With a matchup between the Giants and Colts slated for the 2018 season and the next meeting with Los Angeles not on the schedule until 2021, there’s a good chance the Chargers could end up being the only team undefeated against Manning.
The Giants fell, 27-22, to the Chargers on Sunday. It was the fourth time Manning has faced the Chargers. In losses in 2005, 2009 and 2013, he combined for five touchdowns and two interceptions, but the Giants’ defense has struggled to slow the Chargers.
On Sunday, Elli finished with 225 passing yards, two touchdowns, one pick, and one fumble — and he lost four receivers to injury, including Odell Beckham Jr.
It’s an odd statistic that Manning is 0-4 against the team. After all, Manning, the first pick in the 2004 NFL draft, began his time in the NFL by demanding a trade from the Chargers.
The trade that sent Eli to New York
The San Diego Chargers selected Manning with the No. 1 pick, but he was a member of the team for only 45 minutes before he was traded to the Giants for No. 4 overall selection Rivers.

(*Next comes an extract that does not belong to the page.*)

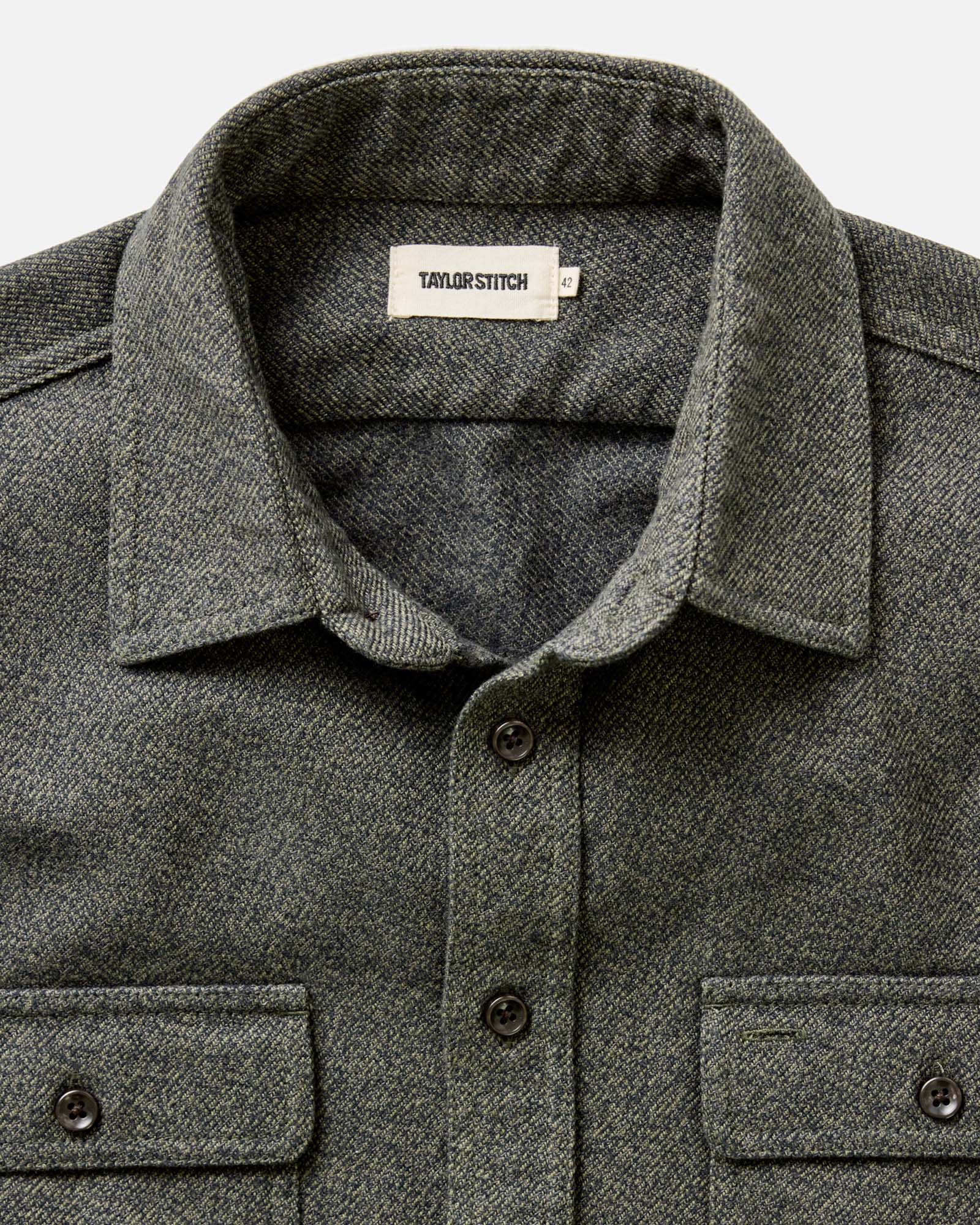 The Ledge Shirt in Pine Twist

The Chargers also received a third-round selection in the deal, as well as first- and fifth-round picks in 2005.
But the reason for the blockbuster deal — Manning’s desire to avoid playing in San Diego — came with little explanation. Chargers general manager A.J. Smith only said that it was the wishes of Eli’s father and former Saints quarterback Archie Manning that forced the deal.

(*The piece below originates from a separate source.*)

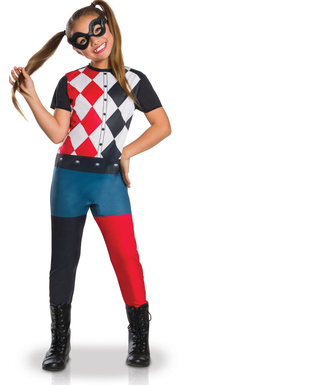  Déguisement classique Harley Quinn™ fille, fig. 1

"[Eli Manning’s agent Tom Condon] told me that Archie wishes that we do not select Eli and that they think he would be a good fit in New York (with the Giants)," Smith said in 2004, via the San Diego Union Tribune. "We understand his position and certainly understand his interest in New York, but we will do what we think is the best for the franchise."
More than a decade later, Manning’s aversion to San Diego still hasn’t been explained much. Last year, Archie Manning said he didn’t have anything to do with the decision and Eli has reportedly told Giants teammates that Condon was the driving force.

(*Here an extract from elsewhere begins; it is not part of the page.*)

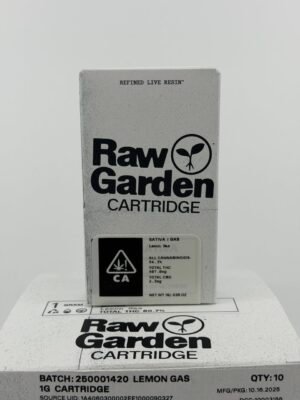 Raw Garden Cartridge 1G Refined Live Resin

With two Super Bowl victories under his belt, Manning hasn’t had much reason to regret the decision.
“I want to thank [former Giants GM Ernie Accorsi],” Manning said at an awards dinner in April, via Newsday. “If it wasn’t for him, I’d be playing in a soccer stadium in Los Angeles.”
Rivers sat for two seasons behind Drew Brees, but in his 12 seasons as the Chargers starter, he has made six Pro Bowls and became the franchise’s all-time leader in every major passing category. The trade in 2004 also sent Shawne Merriman and Nate Kaeding to the Chargers and left the team with a cheaper quarterback.
So 14 seasons later, the trade isn’t remembered with many hard feelings.
Both teams are in the running for the No. 1 pick in 2018
In the 13 drafts since the Giants picked Rivers and traded for Manning, the team hasn’t had a pick in the top eight. The Chargers avoided the top 10 for more than a decade before picking Joey Bosa at No. 3 in 2016 and Mike Williams at No. 7 in 2017.
But both were off to 0-4 starts in 2017 and now the Giants are 0-5 after Sunday. Right now, they stay near the top of the race for the first pick in the 2018 NFL draft. And the future for the remainder of the season is bleak even for the Chargers.
The Giants started 0-6 in 2013 before rallying to a 7-9 record. The Chargers haven’t had an 0-4 start since 2003, when another loss extended the record to 0-5. They finished with a 4-12 record.
For Rivers and Manning, the end looks near. There are a few older quarterbacks — Tom Brady, Carson Palmer and Drew Brees — but the time is ripe for both the Giants and Chargers to look for a replacement in 2018.
Ultimately, Sunday has little impact on the legacy of either player, but for Manning, a loss could leave a weird footnote on the trade that began his NFL career.